All of this has been mapped in detail, along with the locations of water sources, temporary settlements and other infrastructure, and most importantly the contacts we have gathered on the way. And the relevant data has been added to OpenStreetMap’s database for everyone to use. This is, by all measures, a pretty good outcome for a summer of work.
Large parts of the route have also been assessed in detail for the work needed to bring the treadway – the physical surface upon which one treads – up to the standard needed to support a growing number of hikers, allowing them to pass safely and in relative ease while protecting the often fragile mountain environment from degradation. And it is this component of the project that has grown from a minor concern into the biggest job of all, at least in terms of the number of pairs of hands needed to get the job done. Because much of the treadway is in an utterly horrendous condition.
I have to admit that I was, until recently, naive to the reality of what actual ‘trailbuilding’ involves. I hadn’t considered that it was an expert profession; that an entire culture and industry of trailbuilding existed in the West to serve the needs of recreational hikers who value enjoyable experiences over simply getting from one place to another. It’s obvious why: the amount of work that goes into a well-built treadway is largely invisible, as we discovered last summer.

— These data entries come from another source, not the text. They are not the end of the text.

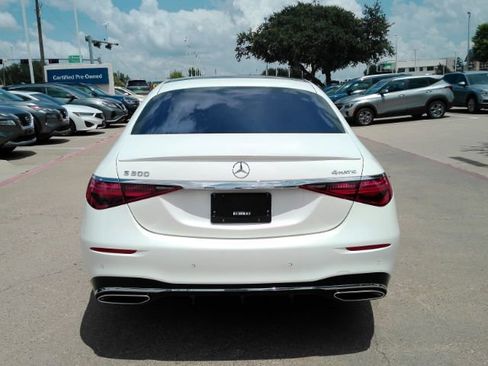 Used 2022 Mercedes-Benz S 500 4MATIC w/ AMG Line Package image 9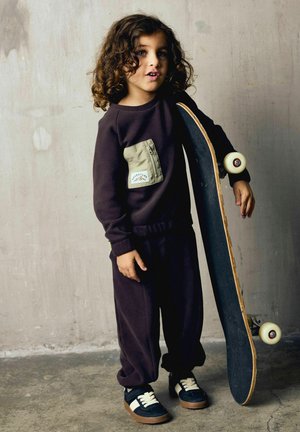 Name it, SWEATSHIRT REGULAR FIT - Sweatshirt - chocolate plum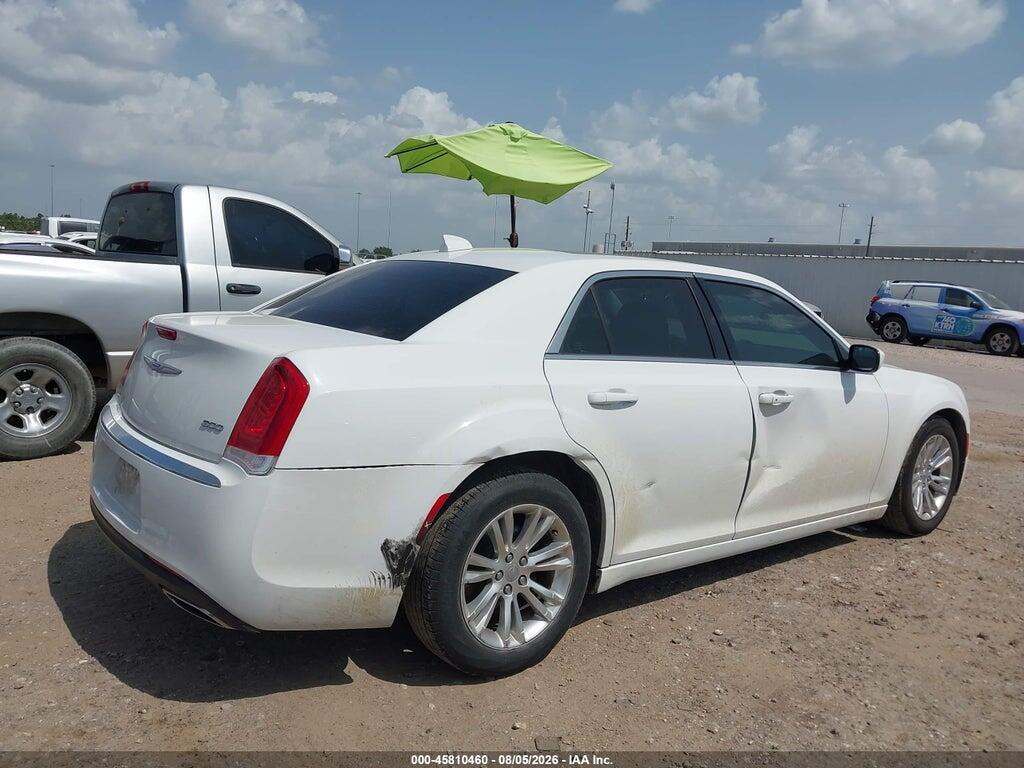 2C3CCAAG0KH542417 2019 CHRYSLER 300 photo no. 4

For these reasons, none of us had considered that the Caucasus would have no such culture or industry or expertise whatsoever. If we’re serious about building and rehabilitating trails here – and if, ultimately, we want to create the kind of experience recreational hikers from the world over can identify with – we’ll have to bring that expertise in from abroad, initiating not just a new movement but a new industry to support it too.
In short, the job of creating the Transcaucasian Trail just got quite a lot bigger.

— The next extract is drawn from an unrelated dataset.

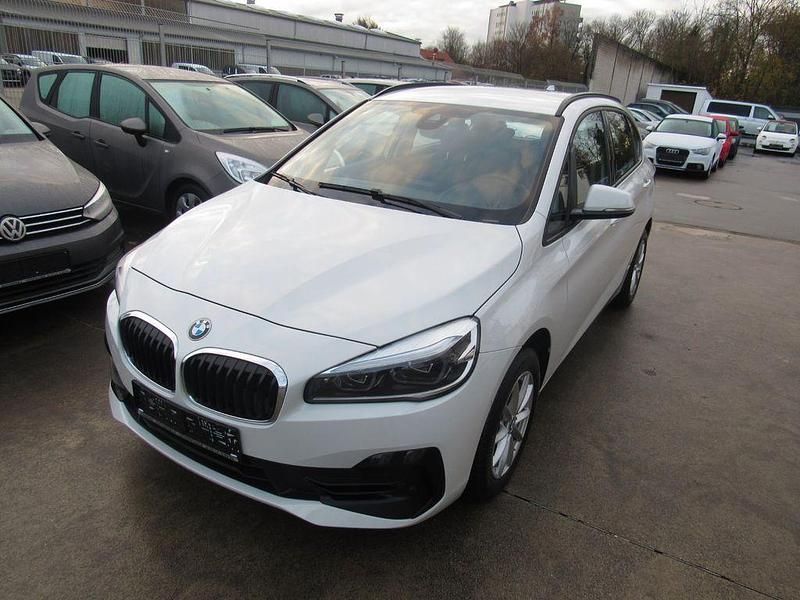 Gebraucht BMW 218 Advantage 140 PS (102 kW) 2018 Weiß Kombi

It also got a lot more fun.
This, my friends, is the point at which I would like to invite you to participate. For while the expedition may be finished for 2016, and I may be about to go into hiding for a few weeks’ R&R, a small team of people are working tirelessly to create 2017’s volunteer trailbuilding camp programme. Next year, as well as continuing with the Georgia-based trailbuilding camps, we plan to pilot the first major trailbuilding project in Armenia – and we want you to be involved.

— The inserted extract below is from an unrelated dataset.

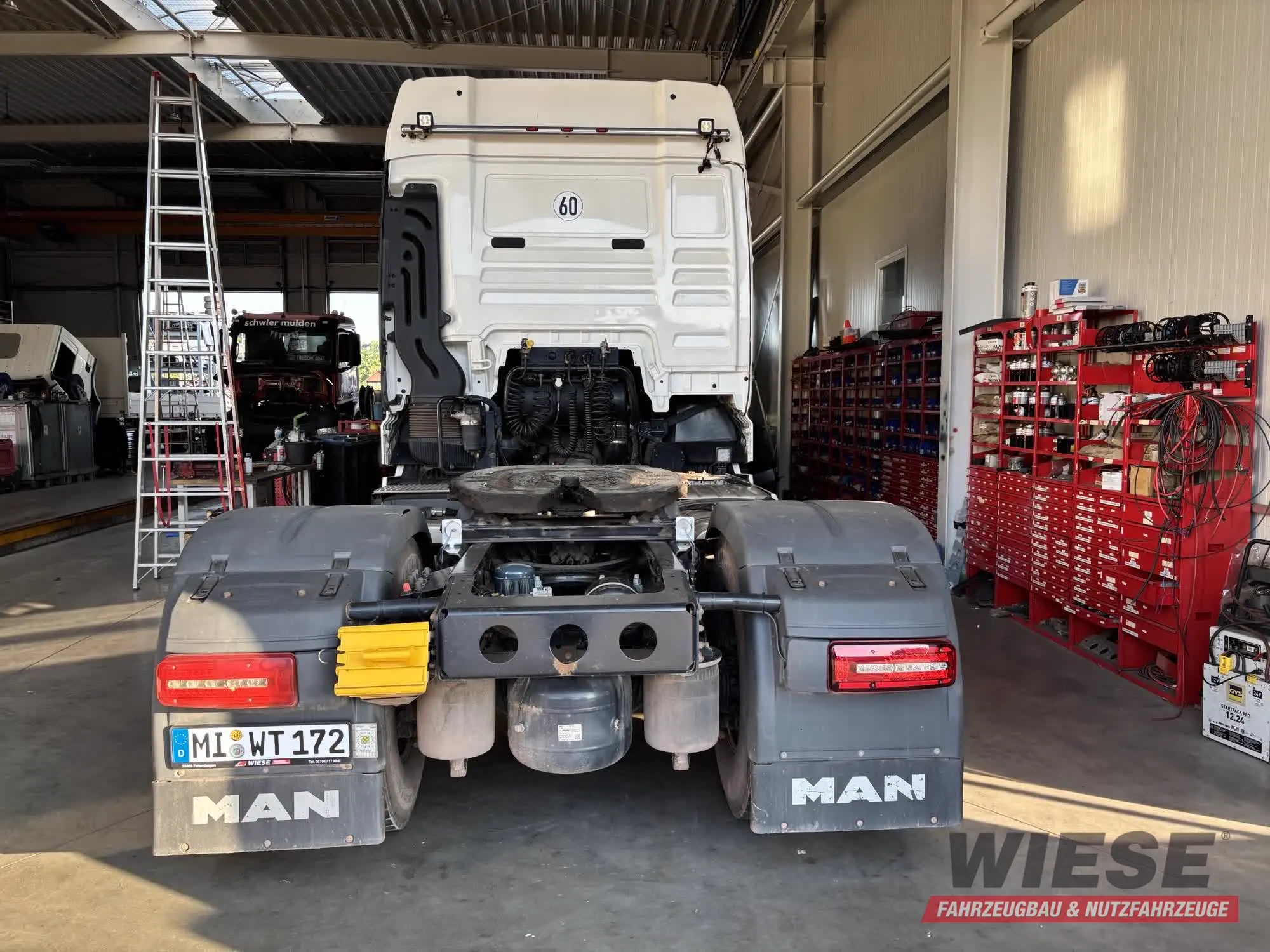 MAN TGX SZM von Wiese Trailer Rent in Petershagen mieten ab 3000.00€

It’ll be rustic, hands-on work; communal living; surrounded by nature. Starting small and promising only what we can realistically deliver, we will focus on a section of the route that has great potential to work as a self-contained trekking route network all of its own. There will be a basecamp in a nearby town, but on a day-to-day basis we’ll be out into the forests and mountains with our tools and packs, sleeping under the stars as we build something completely new.
By the end of next summer, if all goes to plan, we will – together – have built the infrastructure needed to launch the first self-guided multi-day trekking route in one of the most beautiful parts of Armenia.
If you’d like to be involved in making this happen, all you need to do right now is subscribe to the TCT volunteer mailing list. It’ll take 20 seconds (I’ve timed it), so do it now before you forget. When we’re ready to receive volunteer applications, we’ll drop you a line directly. This will be happening pretty soon, so please get on the list now if you’re even remotely considering a trip to the Caucasus next year.
And if you happen to be in London this Friday, do consider dropping by for the RGS Explore Friday Night Lecture – for which I have been given the daunting role of opening speaker – in which I’ll be talking all about the Transcaucasian Trail.
After that, I think I need a holiday!